Exercise instructions: Restate word for word the lines of the records below, starting at the line that contains "Super Rare Red Foil - Riley Greene" and ending at the line that contains "LG gram 16 Laptop", with both of those lines included and nothing else.

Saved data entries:
============

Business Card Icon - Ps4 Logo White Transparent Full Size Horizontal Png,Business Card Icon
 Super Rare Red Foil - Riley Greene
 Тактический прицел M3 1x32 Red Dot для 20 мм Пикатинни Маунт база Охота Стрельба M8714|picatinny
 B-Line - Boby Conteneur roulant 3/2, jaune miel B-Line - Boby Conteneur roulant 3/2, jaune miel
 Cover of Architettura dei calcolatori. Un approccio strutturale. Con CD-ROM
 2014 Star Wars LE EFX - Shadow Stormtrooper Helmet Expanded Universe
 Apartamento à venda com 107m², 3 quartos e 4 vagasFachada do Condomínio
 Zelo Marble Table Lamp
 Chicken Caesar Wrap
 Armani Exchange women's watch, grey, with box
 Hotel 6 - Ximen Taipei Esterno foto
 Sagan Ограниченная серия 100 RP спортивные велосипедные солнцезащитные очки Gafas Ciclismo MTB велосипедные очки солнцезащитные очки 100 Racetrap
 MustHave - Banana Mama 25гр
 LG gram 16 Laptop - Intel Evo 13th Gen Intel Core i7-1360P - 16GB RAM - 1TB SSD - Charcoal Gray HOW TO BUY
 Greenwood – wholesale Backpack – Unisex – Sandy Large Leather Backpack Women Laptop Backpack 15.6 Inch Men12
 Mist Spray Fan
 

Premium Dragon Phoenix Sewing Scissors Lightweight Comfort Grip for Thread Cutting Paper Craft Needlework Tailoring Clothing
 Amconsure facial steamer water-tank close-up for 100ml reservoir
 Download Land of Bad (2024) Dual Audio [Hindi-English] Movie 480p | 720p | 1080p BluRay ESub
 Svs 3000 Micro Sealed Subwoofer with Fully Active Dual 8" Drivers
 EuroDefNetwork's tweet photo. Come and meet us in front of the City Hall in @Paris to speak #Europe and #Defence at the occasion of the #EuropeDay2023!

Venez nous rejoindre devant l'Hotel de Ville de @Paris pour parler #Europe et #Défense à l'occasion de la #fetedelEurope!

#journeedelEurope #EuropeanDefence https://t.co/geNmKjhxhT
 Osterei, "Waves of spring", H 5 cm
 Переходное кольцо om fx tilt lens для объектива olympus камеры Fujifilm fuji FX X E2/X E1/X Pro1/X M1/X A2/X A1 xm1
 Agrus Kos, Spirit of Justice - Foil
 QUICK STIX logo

============

Exercise response:
 Super Rare Red Foil - Riley Greene
 Тактический прицел M3 1x32 Red Dot для 20 мм Пикатинни Маунт база Охота Стрельба M8714|picatinny
 B-Line - Boby Conteneur roulant 3/2, jaune miel B-Line - Boby Conteneur roulant 3/2, jaune miel
 Cover of Architettura dei calcolatori. Un approccio strutturale. Con CD-ROM
 2014 Star Wars LE EFX - Shadow Stormtrooper Helmet Expanded Universe
 Apartamento à venda com 107m², 3 quartos e 4 vagasFachada do Condomínio
 Zelo Marble Table Lamp
 Chicken Caesar Wrap
 Armani Exchange women's watch, grey, with box
 Hotel 6 - Ximen Taipei Esterno foto
 Sagan Ограниченная серия 100 RP спортивные велосипедные солнцезащитные очки Gafas Ciclismo MTB велосипедные очки солнцезащитные очки 100 Racetrap
 MustHave - Banana Mama 25гр
 LG gram 16 Laptop - Intel Evo 13th Gen Intel Core i7-1360P - 16GB RAM - 1TB SSD - Charcoal Gray HOW TO BUY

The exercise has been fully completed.